## DATASET EXCERPTS
◆ ◆ ◆ ◆ ◆
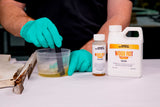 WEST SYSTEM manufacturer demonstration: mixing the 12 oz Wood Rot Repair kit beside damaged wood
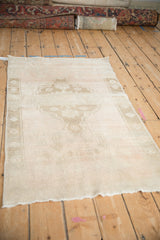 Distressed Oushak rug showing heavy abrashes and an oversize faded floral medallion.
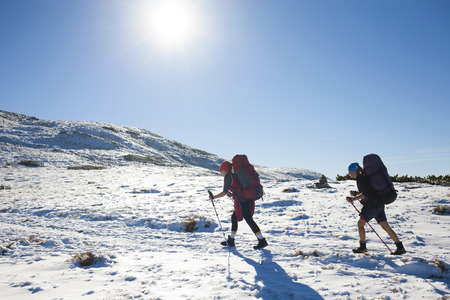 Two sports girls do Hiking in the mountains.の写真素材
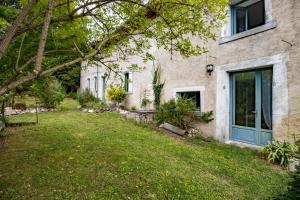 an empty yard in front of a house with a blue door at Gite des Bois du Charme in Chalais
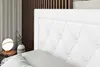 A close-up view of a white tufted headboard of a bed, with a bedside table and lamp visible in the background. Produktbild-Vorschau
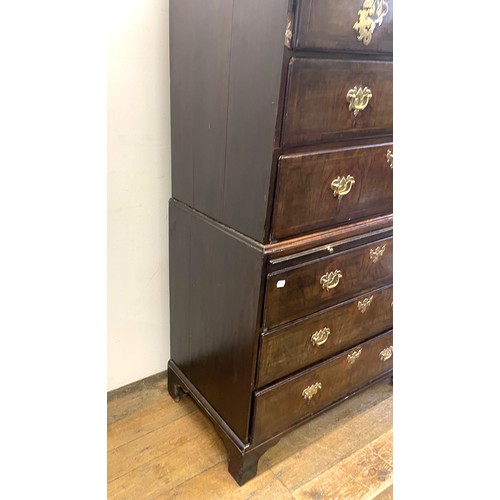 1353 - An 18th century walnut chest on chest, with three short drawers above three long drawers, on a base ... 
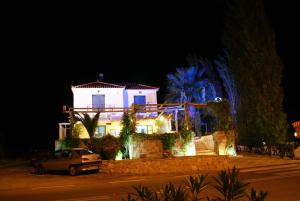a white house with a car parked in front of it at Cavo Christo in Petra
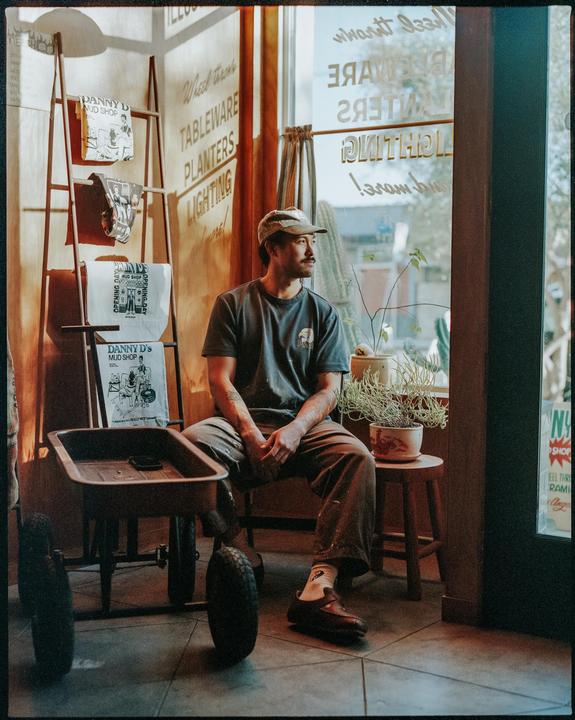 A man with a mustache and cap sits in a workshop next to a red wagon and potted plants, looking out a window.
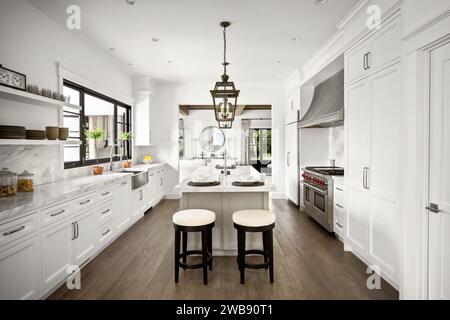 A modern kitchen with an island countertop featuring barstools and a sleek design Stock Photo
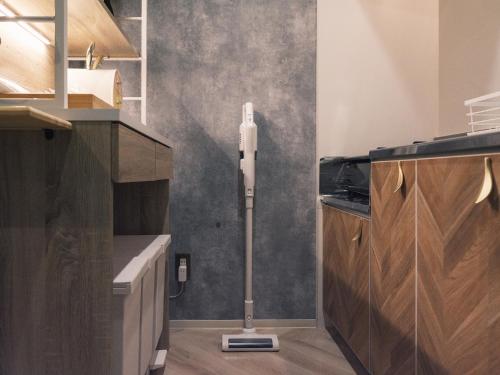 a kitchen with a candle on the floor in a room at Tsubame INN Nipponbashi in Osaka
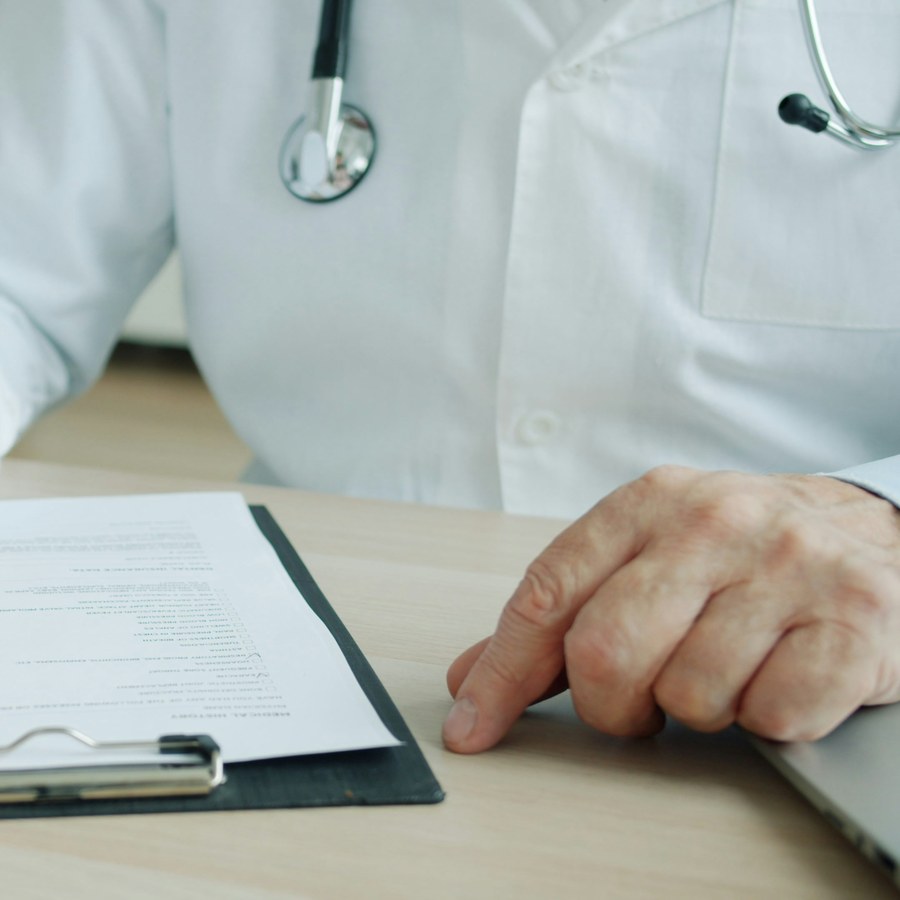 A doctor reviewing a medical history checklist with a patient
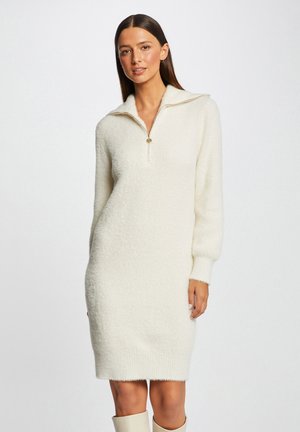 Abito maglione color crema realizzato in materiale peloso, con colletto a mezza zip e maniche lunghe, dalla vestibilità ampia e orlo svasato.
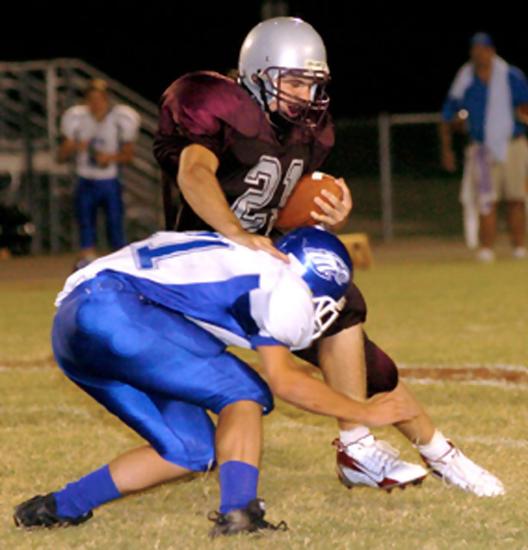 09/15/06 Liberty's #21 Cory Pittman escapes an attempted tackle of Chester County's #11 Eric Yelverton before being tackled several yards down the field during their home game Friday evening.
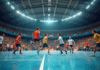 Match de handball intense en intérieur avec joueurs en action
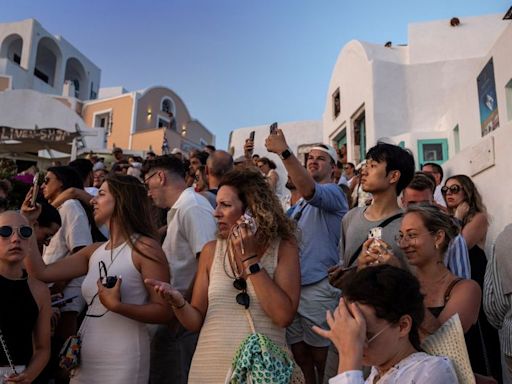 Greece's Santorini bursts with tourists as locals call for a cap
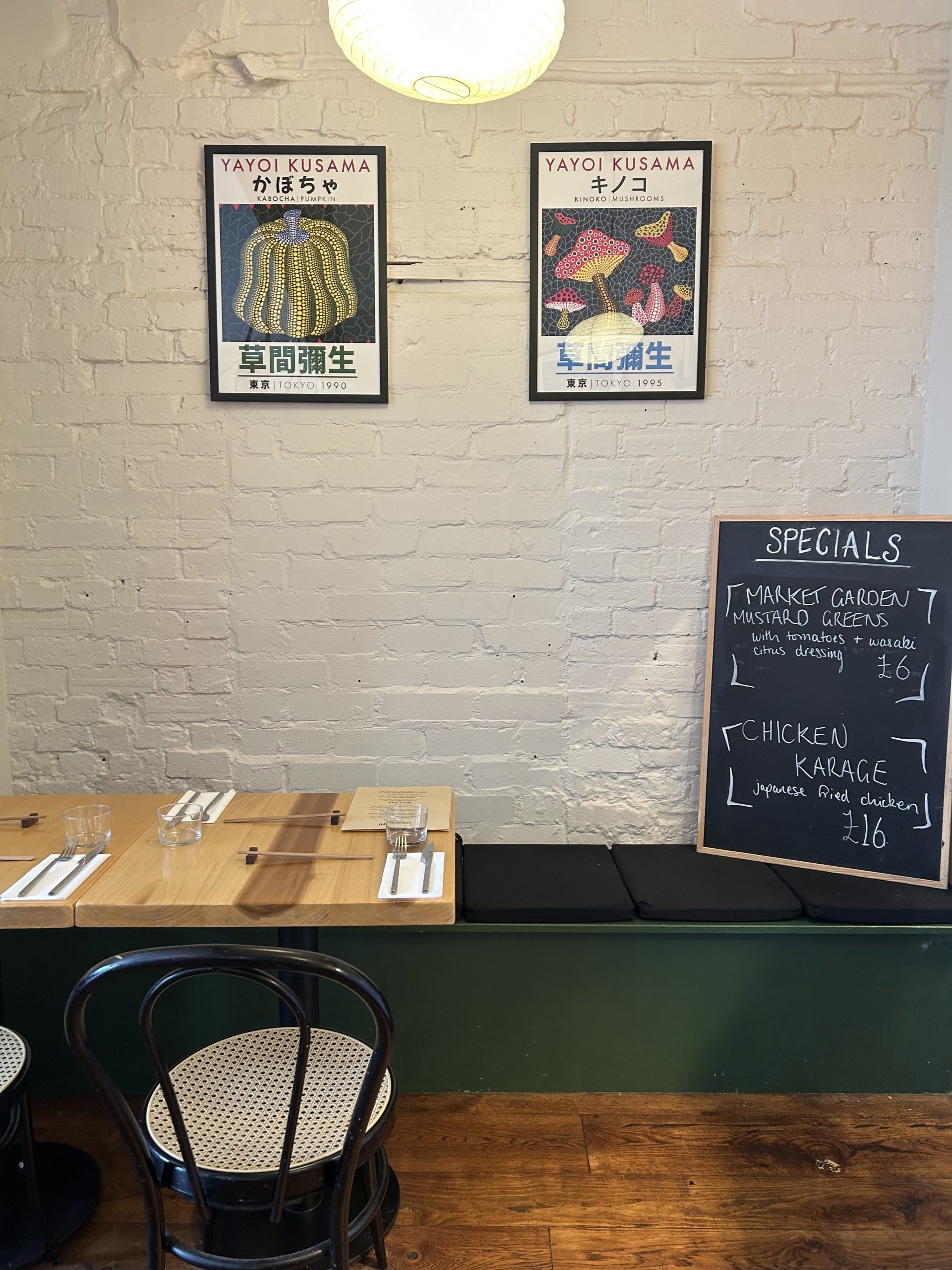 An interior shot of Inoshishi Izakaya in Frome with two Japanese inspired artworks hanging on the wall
◆ ◆ ◆ ◆ ◆
## WORK TO COMPLETE
For the data above, return an exact copy that contains no pictures.

## OUTPUT OF THE EXERCISE
 WEST SYSTEM manufacturer demonstration: mixing the 12 oz Wood Rot Repair kit beside damaged wood
 Distressed Oushak rug showing heavy abrashes and an oversize faded floral medallion.
 Two sports girls do Hiking in the mountains.の写真素材
 an empty yard in front of a house with a blue door at Gite des Bois du Charme in Chalais
 A close-up view of a white tufted headboard of a bed, with a bedside table and lamp visible in the background. Produktbild-Vorschau
 1353 - An 18th century walnut chest on chest, with three short drawers above three long drawers, on a base ... 
a white house with a car parked in front of it at Cavo Christo in Petra
 A man with a mustache and cap sits in a workshop next to a red wagon and potted plants, looking out a window.
 A modern kitchen with an island countertop featuring barstools and a sleek design Stock Photo
 a kitchen with a candle on the floor in a room at Tsubame INN Nipponbashi in Osaka
 A doctor reviewing a medical history checklist with a patient
 Abito maglione color crema realizzato in materiale peloso, con colletto a mezza zip e maniche lunghe, dalla vestibilità ampia e orlo svasato.
 09/15/06 Liberty's #21 Cory Pittman escapes an attempted tackle of Chester County's #11 Eric Yelverton before being tackled several yards down the field during their home game Friday evening.
 Match de handball intense en intérieur avec joueurs en action
 Greece's Santorini bursts with tourists as locals call for a cap
 An interior shot of Inoshishi Izakaya in Frome with two Japanese inspired artworks hanging on the wall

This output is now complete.